# Oil Pressure drops DRAMATICALLY when cruising on highway.



## BoBakTXL (Aug 30, 2004)

sup guys

on my 86 non-turbo z, when cruising, or driving on the highway, AND ONLY on the highway or freeway, if the motor is at a continous 2500-3000 and even other rpms (2500-3000 is usually what i drive at though, which is between 60-70mph), the oil pressure guage starts to go down, and down, and down, until it finally rests at 0. Thats when I push in the clutch, let it either idle, or start to rev it up with no load on the motor, and the oil pressure slowly goes back up when idling or moderate slowly/medium speed goes up when just free revving the motor.
what the heck is wrong?
by the way, the motor has been checked for enough oil, and also the motor burns oil....
Wtf?


----------



## asleepz (Feb 24, 2004)

Well I'm going to say your gauge is wrong... If your engine had no oil pressure at that RPM for over I'd say 30 seconds, it'd be fried and locked up.


----------



## BoBakTXL (Aug 30, 2004)

uhhh....
so dont worry about it?

is it safe to stay at 4000 rpms for like 20 mins (going 100 mph on freeway for 20 mins) or am i risking blowing the motor up?


----------



## asleepz (Feb 24, 2004)

well like I said, if you can even get the engine up that high without it instantly shutting down and locking up you have oil pressure.
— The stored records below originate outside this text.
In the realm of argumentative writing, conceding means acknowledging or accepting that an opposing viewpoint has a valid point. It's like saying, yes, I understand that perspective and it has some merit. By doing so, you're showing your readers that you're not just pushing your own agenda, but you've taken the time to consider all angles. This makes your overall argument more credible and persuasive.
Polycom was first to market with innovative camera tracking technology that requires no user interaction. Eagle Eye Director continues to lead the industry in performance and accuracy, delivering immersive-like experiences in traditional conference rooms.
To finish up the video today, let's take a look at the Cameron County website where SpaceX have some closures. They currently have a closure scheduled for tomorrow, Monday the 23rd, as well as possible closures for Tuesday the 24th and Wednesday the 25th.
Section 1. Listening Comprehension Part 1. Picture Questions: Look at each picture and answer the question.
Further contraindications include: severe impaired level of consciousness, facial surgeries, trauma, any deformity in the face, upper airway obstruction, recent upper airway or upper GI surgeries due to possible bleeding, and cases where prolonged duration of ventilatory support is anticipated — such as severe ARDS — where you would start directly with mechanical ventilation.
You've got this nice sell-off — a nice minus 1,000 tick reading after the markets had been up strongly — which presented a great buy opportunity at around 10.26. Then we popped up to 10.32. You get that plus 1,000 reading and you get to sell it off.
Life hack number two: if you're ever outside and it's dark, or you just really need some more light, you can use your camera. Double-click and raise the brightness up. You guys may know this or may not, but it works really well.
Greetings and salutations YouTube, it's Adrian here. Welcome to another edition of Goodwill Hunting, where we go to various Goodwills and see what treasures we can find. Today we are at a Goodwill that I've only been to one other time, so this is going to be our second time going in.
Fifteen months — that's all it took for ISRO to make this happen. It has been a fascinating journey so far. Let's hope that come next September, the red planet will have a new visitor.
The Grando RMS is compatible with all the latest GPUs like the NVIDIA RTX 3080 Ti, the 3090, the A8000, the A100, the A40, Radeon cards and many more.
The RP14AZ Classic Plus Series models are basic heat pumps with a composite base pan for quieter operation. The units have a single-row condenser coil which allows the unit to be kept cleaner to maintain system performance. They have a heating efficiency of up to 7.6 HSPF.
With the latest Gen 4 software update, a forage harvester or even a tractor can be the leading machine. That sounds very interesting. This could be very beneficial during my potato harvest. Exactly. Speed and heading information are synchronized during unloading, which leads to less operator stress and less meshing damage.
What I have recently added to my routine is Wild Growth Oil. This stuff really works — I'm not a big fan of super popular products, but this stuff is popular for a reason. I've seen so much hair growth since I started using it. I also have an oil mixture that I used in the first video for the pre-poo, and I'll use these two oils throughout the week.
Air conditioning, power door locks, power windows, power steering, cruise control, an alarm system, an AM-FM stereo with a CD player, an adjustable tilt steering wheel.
An engine doesn't last long with it. I'd say your gauge, wiring, or sending unit is screwed. If it has done it multiple times and you haven't had a problem your ok.


----------



## jmcguire (Sep 16, 2004)

Change your oil sending unit.If you can't find it I will look it up in my shop manual.Let me know . Jamie


----------



## asleepz (Feb 24, 2004)

It's on the left side of the oil filter...


----------



## Marc Z31 (Jul 25, 2004)

The sending unit almost always gets gunked up and reads incorrectly on Z31's. Get a new one or clean the old one


----------



## ICP Sux0rZ! (Jan 10, 2005)

bobak u saw my video, i was doing that for prolly 100+ miles over 90 the whole time my car runs fine, no lost oil


----------



## asleepz (Feb 24, 2004)

The point of changing out the oil pressure gauge with an aftermarket one has been brought about countless times. Can anyone provide a parts list of everything you need to do it?


----------